À la fin, la foule se montre si hostile que force lui est de se retirer pour n'être pas malmené. La colère était, en effet, d'autant plus grande que beaucoup estimaient que l’Américain aurait dû être déclaré knock-out à la fin du quatrième round, lorsque les soigneurs de Carpentier se précipitèrent sur le ring. À leur avis, les dix secondes étaient écoulées quand l'Américain se releva.
Cette magnifique victoire vaut à Carpentier, en dehors de son titre de champion du monde, une bourse de 112 500 francs.
Le "plus fameux match du siècle"
Tous les journaux anglais consacrent de très longs articles au match de ce soir, qui est, d'après eux, le plus fameux du siècle, et félicitent notre compatriote de sa magnifique victoire.
Beaucoup d'entre eux estiment, en effet, que, sans la précipitation avec laquelle les soigneurs de Carpentier entrèrent dans le ring à la fin du quatrième round, lorsque l'arbitre, M. Eugène Corri, venait de compter la neuvième seconde de Smith, ce dernier eût été déclaré knock-out, et le triomphe du champion français eût été complet.
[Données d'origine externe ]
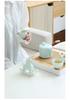 Modern Minimalist Ceramic Rocking Horse Ornament - Cute Green & Pink Tea Pet Decor for Home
Ils sont unanimes à reconnaître sa formidable rapidité, sa science consommée, la façon admirable dont il sait profiter des moindres fautes de son adversaire, toutes qualités qui font de lui, surtout étant donné son âge, le plus remarquable boxeur blanc du monde. Il ne lui reste plus, disent de nombreux sportsmen anglais, qu'à se rencontrer avec le champion noir Jack Johnson.
Quant à Smith, on fait remarquer, avec juste raison, sa persistance à frapper trop bas, ce qui lui attira, d'ailleurs, plusieurs avertissements. Il n'en gagne pas moins 50 000 francs.
Au cours d'une interview qu'il a accordée, ce soir, avant le combat, il déclarait qu'il se sentait aujourd'hui beaucoup plus en forme que lorsqu'il triompha, à Boston, de Sam Langford. Cette déclaration est tout à l'honneur de Carpentier, car elle donne à sa victoire toute son importance.